O silêncio opera também nas celebrações da memória, nas comemorações. Se a história vivida pode parecer uma série confusa de eventos para os atores – ou mesmo talvez nem seja percebida como uma série conformada –, a comemoração cria, modifica ou sanciona sentidos, significados atribuídos coletivamente à história. Sob seu apelo, as narrativas históricas tornam-se ainda mais limpas, "sanitarizadas", e o passado ganha uma aparência mais elementar: calam-se os demais eventos que rodeiam o que é celebrado. E o caráter cíclico desse tipo de celebração reforça esse silenciar-se, tornando mais evidente o passado tal como é comemorado, funcionando quase como uma "prova" a posteriori de que as coisas foram de fato como são narradas.
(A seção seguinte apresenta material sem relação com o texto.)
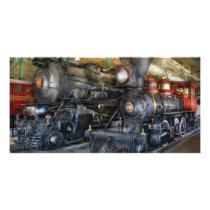 Train - Steam Locomotives Photo Card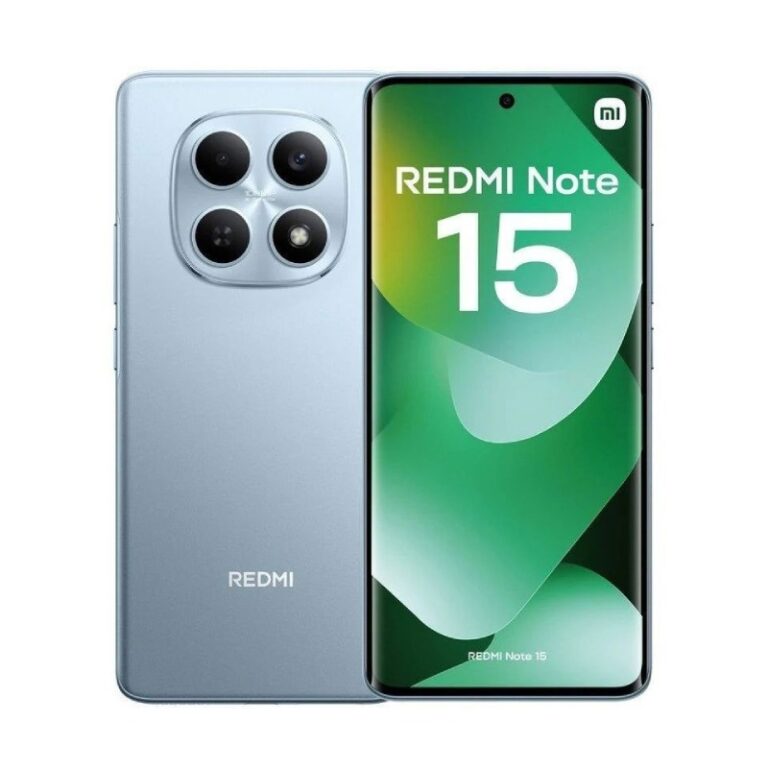 Smartphone Xiaomi Redmi Note 15 vue de face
As comemorações do chamado descobrimento da América desempenham um papel-chave para a argumentação de Trouillot neste ponto. É importante que se diga que Silencing the Past não é montado com uma série de asserções meramente ilustradas depois por exemplos que as corroborem. Tampouco as asserções são posteriores aos casos analisados, como se deles se pudesse retirar uma teoria pronta que correspondesse a uma "verdade". Em vez disso, a teoria é fruto do cruzamento entre as considerações feitas por Trouillot e os casos por ele tomados para estudo.

Cristóvão Colombo não foi feito herói em seu tempo nos termos em que seria mais tarde, nem o 12 de outubro do tal descobrimento da América (1492) – "descobrimento" e "América" são termos problematizados por Trouillot, que argumenta que a própria terminologia utilizada para descrever um evento demarca campos de poder – foi tomado como data especial na época em que o navegador viveu. Colombo e o descobrimento ganhariam importância posteriormente, em particular nos séculos XVIII e XIX, quando a celebração do 12 de outubro transformou-se em uma grande comemoração. Os sentidos atribuídos a tal data estão intimamente relacionados com os contextos em que as comemorações se desenvolvem. Assim como "branco", "católico" e "italiano", Colombo ganha um significado nos Estados Unidos, influenciado pelas teorias do racismo científico, bastante diferente daquele atribuído ao navegador numa América Latina em que as populações indígenas são ainda bastante numerosas. É assim que se pode dizer que essas celebrações "ancoram o evento no presente".

Como extensão de suas observações, Trouillot conclui que a história não é apenas uma remissão a um passado que efetivamente passou. Embora a exatidão empírica seja necessária para a produção histórica, não é suficiente para dar-lhe autenticidade. Isto porque – e encerremos com uma afirmação das mais de um livro já repleto de boas idéias – "a autenticidade histórica reside não na fidelidade a um passado alegado, mas numa honestidade em relação ao presente conforme se re-presenta o passado".